Environmental management control is a process designed to implement an organisation's green strategies. By green or environmental strategies we mean taking account of the natural environment in the organisation's competitive, political and industrial strategies.
This new approach encourages reflection on key financial concepts such as :
- wealth creation. It can no longer be exclusively financial. It must necessarily include key concepts linked to the preservation of the living world (biodiversity, water, pollution, etc.);
- performance. How can we integrate non-financial indicators to measure real performance, taking into account our natural heritage?
- efficiency. It must include not only financial and human resources, but also and above all natural resources that are absolutely vital for life on earth.
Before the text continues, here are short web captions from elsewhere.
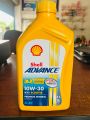 Shell Advance 4-AT AX5 Scooter 10W-30. 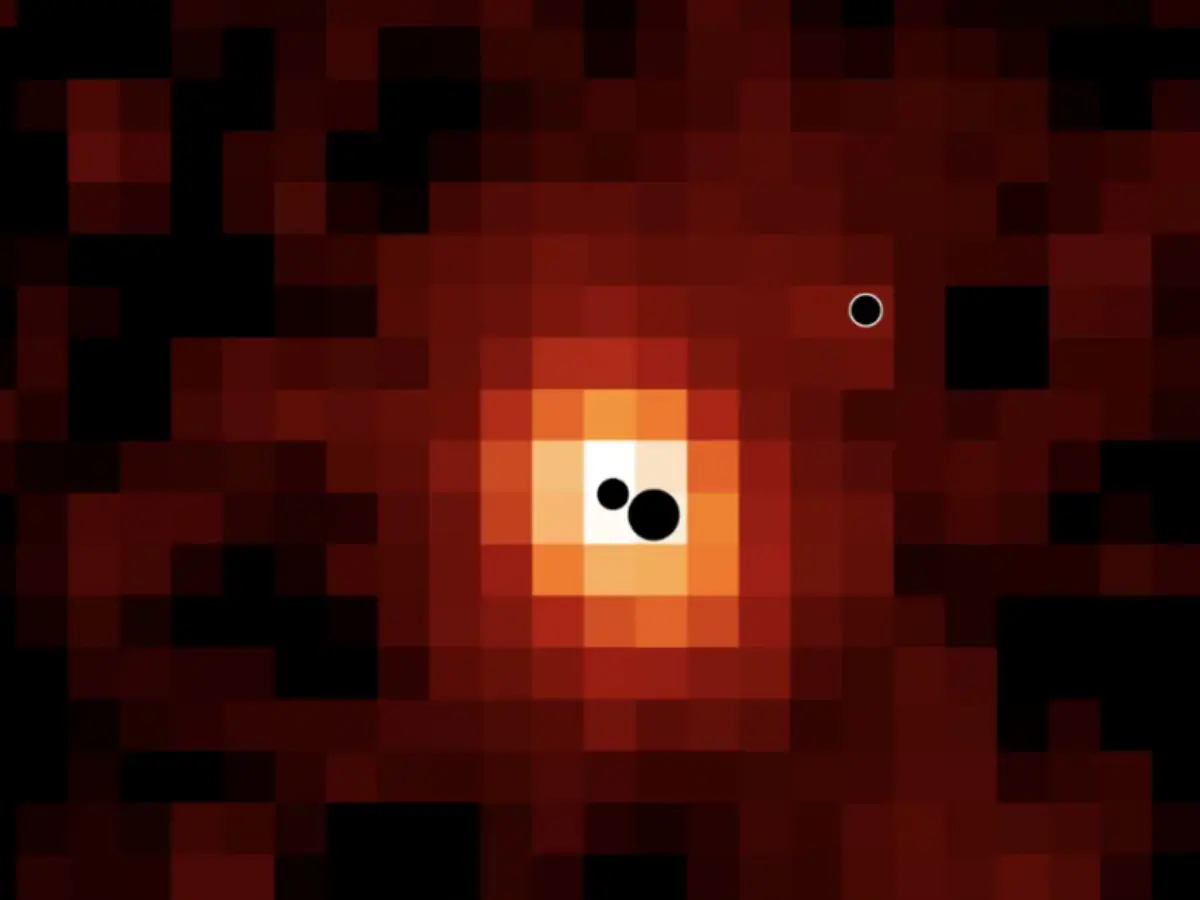 Universe delivers a banger as scientists find galaxy with 3 supermassive black holes Universe delivers a banger as scientists find galaxy with 3 supermassive black holes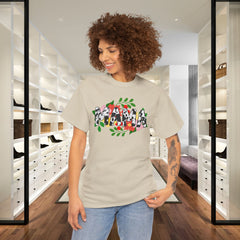 Mama Floral Graphic Tee — Mother's Day Family Gift
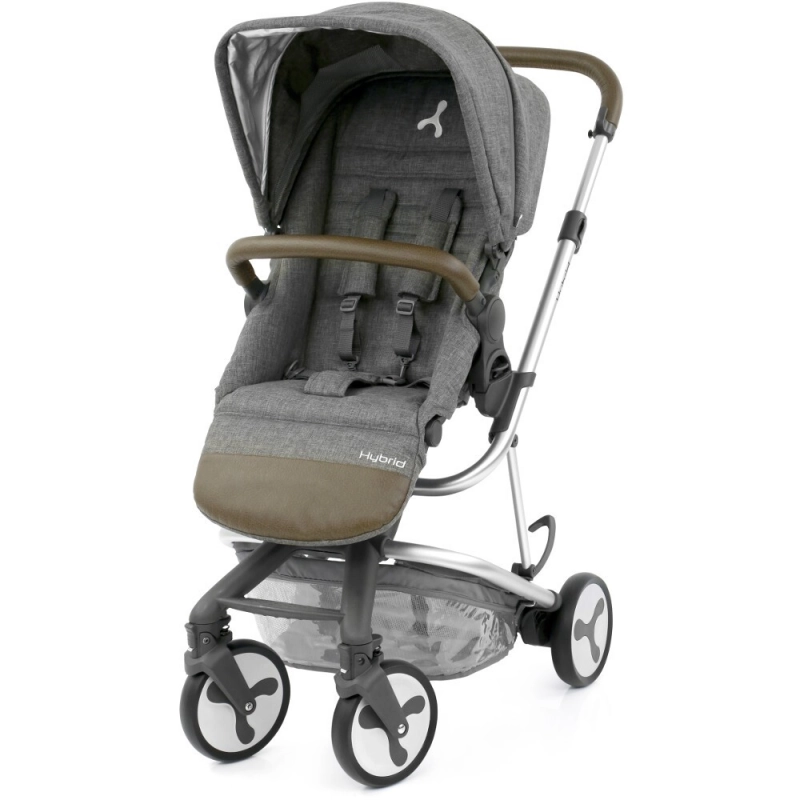 Babystyle Hybrid City Stroller-Stonewash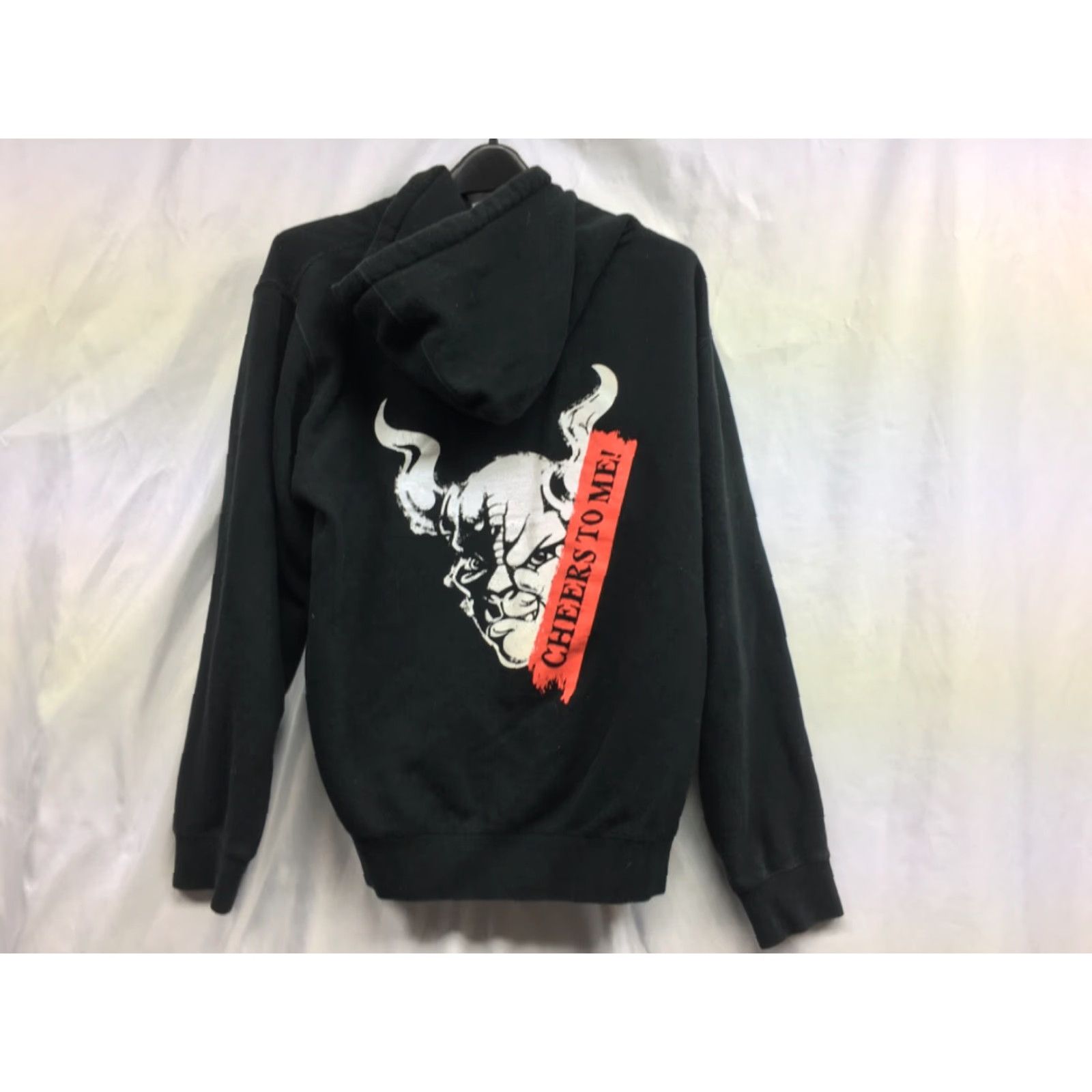 Vintage Arrogant Bastard Hoodie Men's Long Sleeve Black Size S Pullover Crew Neck Full Zip Hooded Pockets Size US S / EU 44-46 / 1 - 5 Thumbnail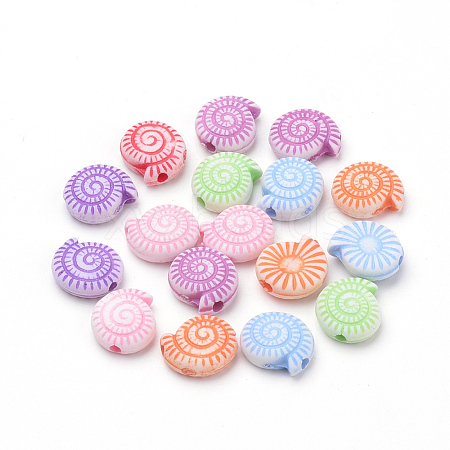 Craft Style Acrylic Beads MACR-T004-05-1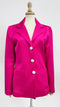 Blazer fucsia sfoderato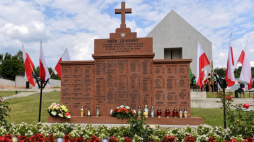 Mauzoleum Martyrologii Wsi Polskich w Michniowie. Fot. PAP/P. Polak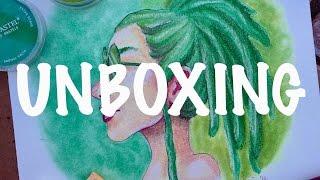 Creative Art Box | UNBOXING + DRAWING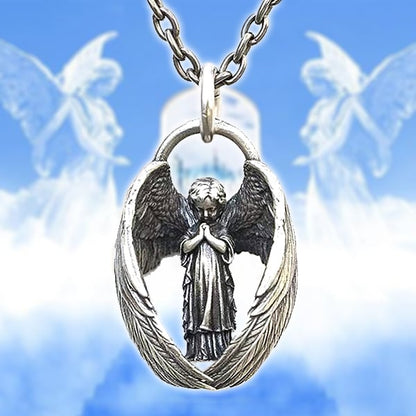 ⏳Viimeinen päivä 50% alennuksella⏳Prayers Angel Necklace - Sinä olet minun enkeli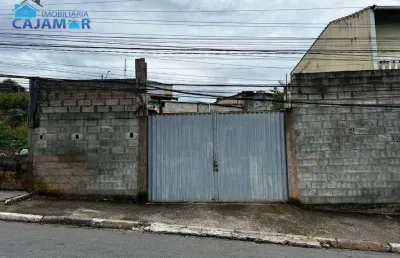 Terreno à venda, 275 m² por r$ 480.000,00 - jordanésia - cajamar/sp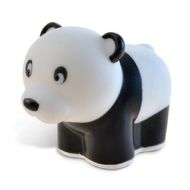Puzzled BlackWhite Panda Squirter Bath Toy by Puzzled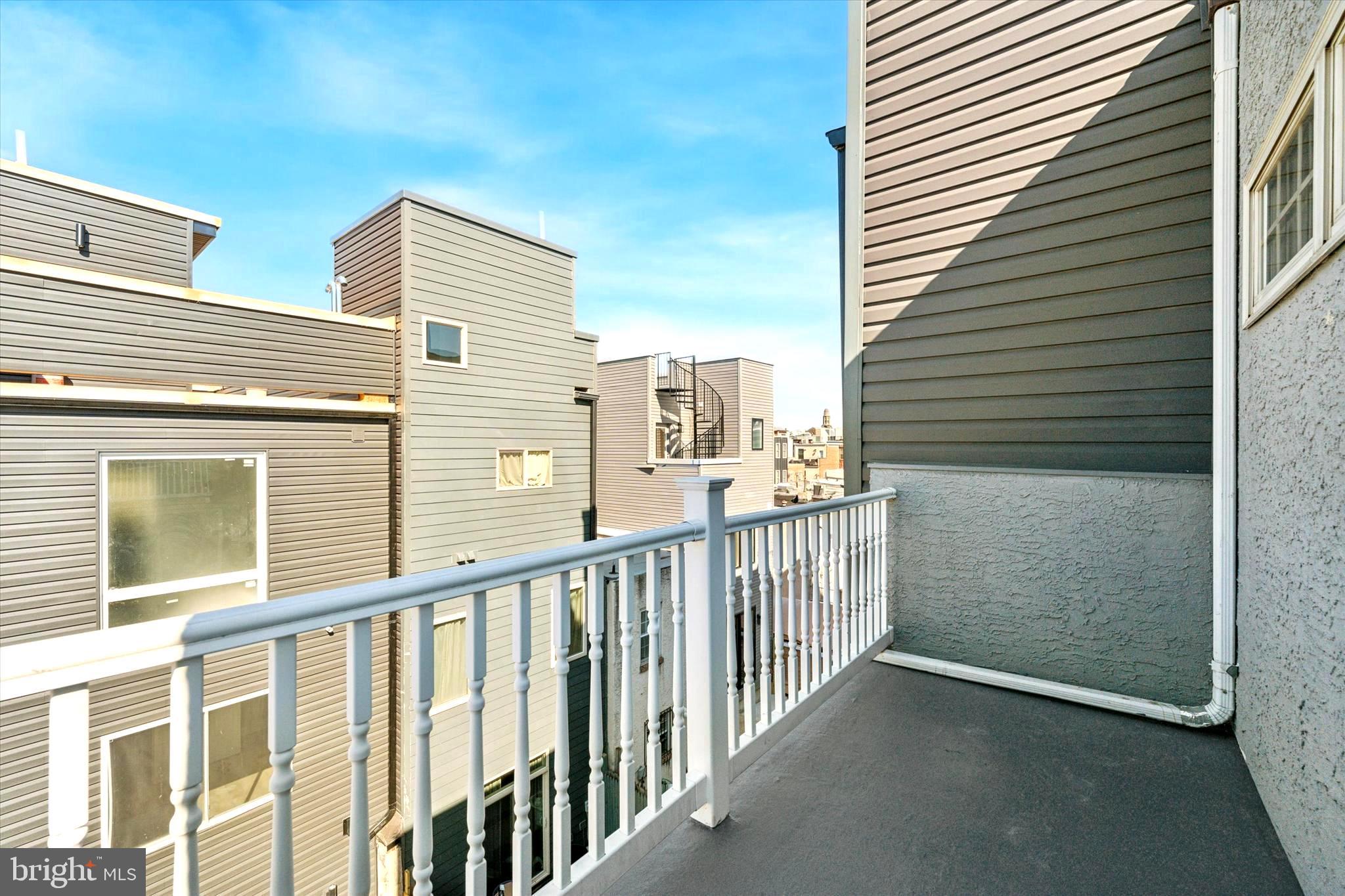 2231 League Street Philadelphia, PA 19146 - Photo 18 of 23 a view of a balcony with two windows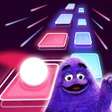 أيقونة البرنامج: The Grimace Shake Tiles H…
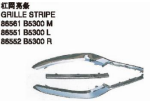 GRILLE STRIPE 杠网  OEM: M 86561-B5300 L 86551-B5300 R 86552-B5300
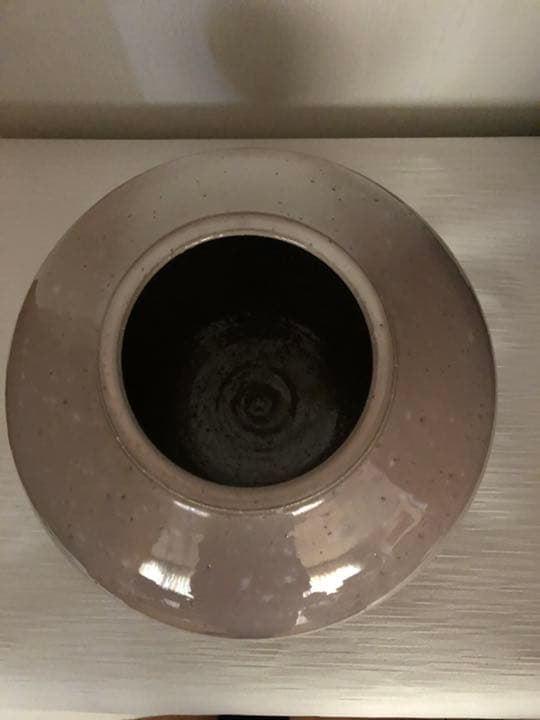 花瓶　壺　陶楽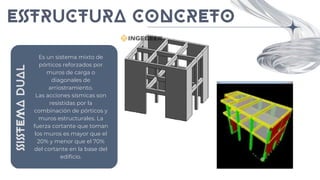 estructuras de acero, concreto y madera asi como funciones | PDF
Lastly, the risks induced by human activities require risk mapping to be redefined. For example, climate change and its consequences, such as heatwaves, droughts and floods, create major systemic risks.
The role of environmental management control is to prevent and control the occurrence of these "new" risks.
3. CARE accounting
Accounting as it is currently practised is completely out of step with the physical realities of our environment: the limits of raw materials and energy, the generation of waste, pollution, etc.
The reasoning we have always adopted is based on stock accounting rather than flow accounting. In other words, it is as if resources were unlimited and growth potentially infinite.
Hence the need for a new approach. The CARE method (Comprehensive Accounting in Respect of Ecology) aims to take account of the annual degradation of natural resources in companies' financial accounts. Its corollary? The conservation of ecosystem heritage.
In particular, it aims to measure social and environmental issues such as natural capital, and takes greater account of the limits of ecosystems.
CARE accounting is in line with the concept of strong sustainability in economics. It makes it possible to identify the actions of an organisation that are genuinely compatible with the preservation of ecosystems.
Here are a few examples of how traditional accounting principles have been adapted to this new method:
- principle of non-compensation which is based on the idea of the substitutability of capital in the economy - the idea that capital is substitutable or exchangeable.
This simplistic principle does not correspond to physical reality. We therefore need to take account of the limits and non-replaceable nature of certain resources (water, air, etc.);
- principle of prudence to measure the environmental and human capital affected by the company's activities. The deterioration of these assets is accounted for through depreciation in the balance sheet (calculation of the cost of maintaining these assets).
The bottom line: in the face of current and future environmental challenges, finance will either be sustainable or it won't be. It must reinvent itself through intelligent non-financial reporting, management control that anticipates and prevents ecological risks, and accounting standards that make sense and do not ignore physical and biological realities. It remains to be seen whether it will be up to the challenge.